After some reflection, I realized that though the trend of chatbots quickly rose and fell in the past few years, one aspect of the trend stuck with users: platform-centric voice assistants, ready for commands at the tap of a finger or a vocalized trigger phrase ("Hey Siri" or "Ok Google" or "Alexa"). Reviewing more publicly available market research revealed that the greatest motivation for using these products was the hands-free benefit, allowing its users to multi-task (e.g. setting a timer while cooking, or asking for the weather while getting dressed).
I then decided to pivot to an experience that optimized for the value proposition of hands-free, instead of forcing a user to unlock a screen and open an app to then use voice. I also thought about the value propositions of must-have applications (a list I gathered in my startup years): saves you time, saves you effort, saves you money, and makes you money.

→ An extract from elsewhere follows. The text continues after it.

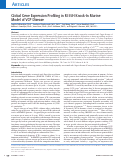 Cover page: Global Gene Expression Profiling in R155H Knock-In Murine Model of VCP Disease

What if we developed a feature that aimed for several of these? We felt the first two aligned most with Nordstrom’s core philosophy of customer service. An online personal shopper can (1) give you a running start on your shopping journey by narrowing results for you and (2) do the heavy lifting by riffling through all the merchandise to find what you're looking for. Furthermore, they can (3) help you fulfill your vision of what you need to buy, while not telling you what to wear or how to wear it, and (4) give you low-touch help, minimizing sales pressure.
After multiple rounds of usability studies, we landed on this voice-initiated personal shopping experience.
Investment into R&D for conversational shopping sunsetted just before we launched this iteration to the public in spring 2019, but many of these insights paved the way for other kinds of product development at Nordstrom.